In January, 2013 former Dublin city manager John Tierney was appointed managing director, an outsourced call centre with up to 400 jobs was set up and the water-metering programme began.

What seemed such a calm and seamless ideal in opposition soon encountered the rough waters of reality in government. There were a few problems. For one, like the Health Service Executive, the 2,000 water-specific employees in the 34 local authorities could not be sacked.

Second, there was going to be political opposition from the left to the charges, as had happened with bin charges two decades previously.

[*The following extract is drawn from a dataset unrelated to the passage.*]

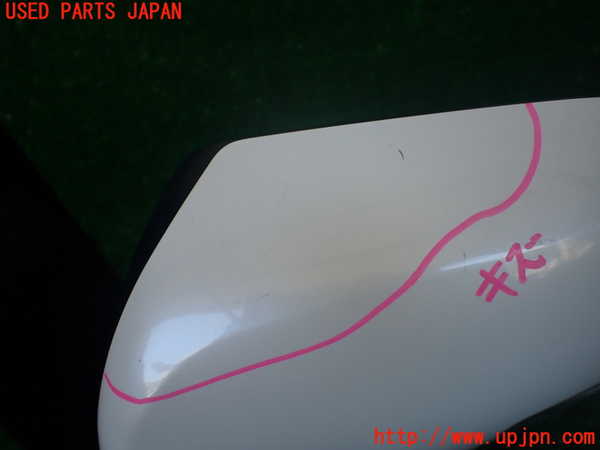 1UPJ-30431212]エスティマハイブリッド(AHR20W)左ドアミラー 中古_m0002.jpg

Third, it wasn’t a tax but a charge. When the onus is put on householders to pay, compliance rates won’t be high unless there are sanctions. The television licence and the short-lived household charge should have alerted Hogan to this.

Consultant fees

However, the fateful moment when the rot started to set in came on January 9th, 2014, when Tierney was interviewed by Seán O'Rourke on RTÉ. He disclosed that €50 million had been spent on consultants. It created a furore and hurled the project down a long, slithery snake and no number of ladders could regain lost ground.

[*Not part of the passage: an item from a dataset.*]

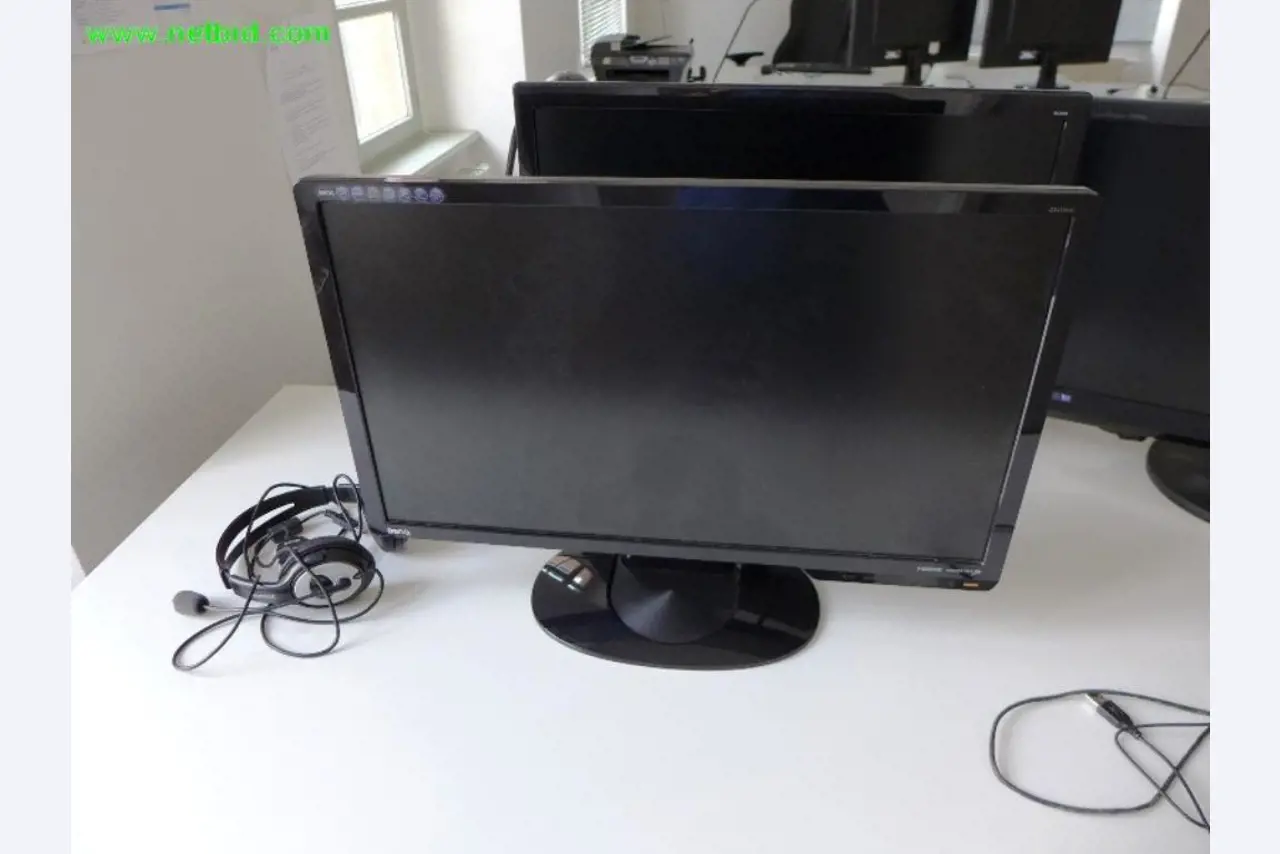 Büroinventar, Servertechnik, Hardware-1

It went from bad to worse. Within weeks there were daily stories about bonuses and performance-related pay to employees, a disclosure that 29 of its staff were earning more than €100,000, and a report by John FitzGerald of the ESRI that suggested the extra 2,000 staff could cost Irish Water as much as €2 billion by 2025.

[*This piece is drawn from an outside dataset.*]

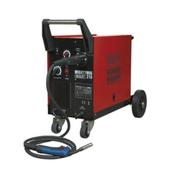 Sealy Professional Gas/No-Gas MIG Welder 210A with Euro Torch - Wholesale Welding Supplies image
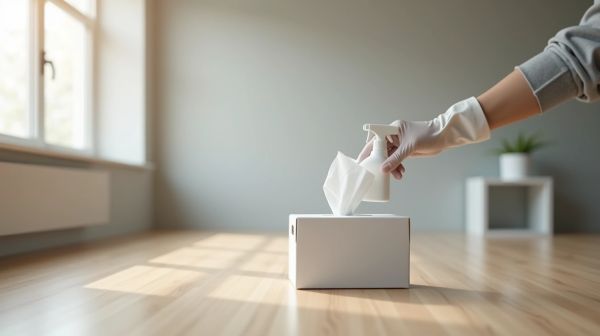 Choisir son fournisseur d'hygiène et d'entretien professionnel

The utility contested this, saying it would have 10 per cent fewer staff by the end of 2015 and would save 14 per cent in operating costs by the end of 2016.

But the die had been cast: it was perceived as another overinflated quango, the kind the Coalition had promised to cull.

In April 2014, the Taoiseach made a political miscalculation when he announced the average family would pay €248 a year. He reckoned the Fine Gael base would find that tolerable.Labour quickly disputed the figure but by May the average bill was confirmed at €240.

There was a tangible metric of its impact that same month: the local elections. Both parties took a hammering, especially Labour. The first bills due in 2014 were deferred until 2015. Hogan went to Brussels denying he had created a mess and saying it was not his job to micromanage Irish Water.

Meanwhile, the strength of the anti-water campaign was seen in the Dublin South West byelection, when Paul Murphy won at the expense of Sinn Féin. It led to the latter party hastily hardening its anti-water charges stance.

The new Minister, Alan Kelly, said Hogan could have done a better job of it. But the solution he brought forward in November was a little like the bank guarantee.

It looked great at that moment but was proved to be a bit of a dud over time.

Charges

His ruse was two sets of charges, one for €160 (for a household with one adult) and the other for €260. The lure was a €100 conservation charge for those who registered an interest. For a while, it looked like the Coalition had drawn a line under it.

Its cause was helped by the anti-water campaign shooting itself in the foot. First a megaphone-wielding Murphy was among a crowd that trapped Tánaiste Joan Burton in her car.

Then another activist, Derek Byrne, was caught on video calling President Michael D Higgins a "midget parasite". The in-your- face nature of some of the protests alienated some waverers.

Against that, a mass protest against Irish Water in Dublin in December, at which Sinn Féin reasserted its credentials, attracted well in excess of 30,000. An earlier one in October had seen huge crowds demonstrate around the country.

By 2015 it had become a battle of numbers. A few deadlines for registration had passed. After the latest in February this year, Irish Water claimed 1.23 million had registered (that included about 250,000 who already pay privately for water through group schemes).

There were two big blows in July. The first was the figures that showed only 43 per cent of customers had paid the first quarterly bill, a failure by any standard.

In the spring statement in April, the Government included Irish Water on the balance sheet as a precaution, but it expressed confidence it would pass Eurostat’s market test.

But, as we found out yesterday, that too was a failure.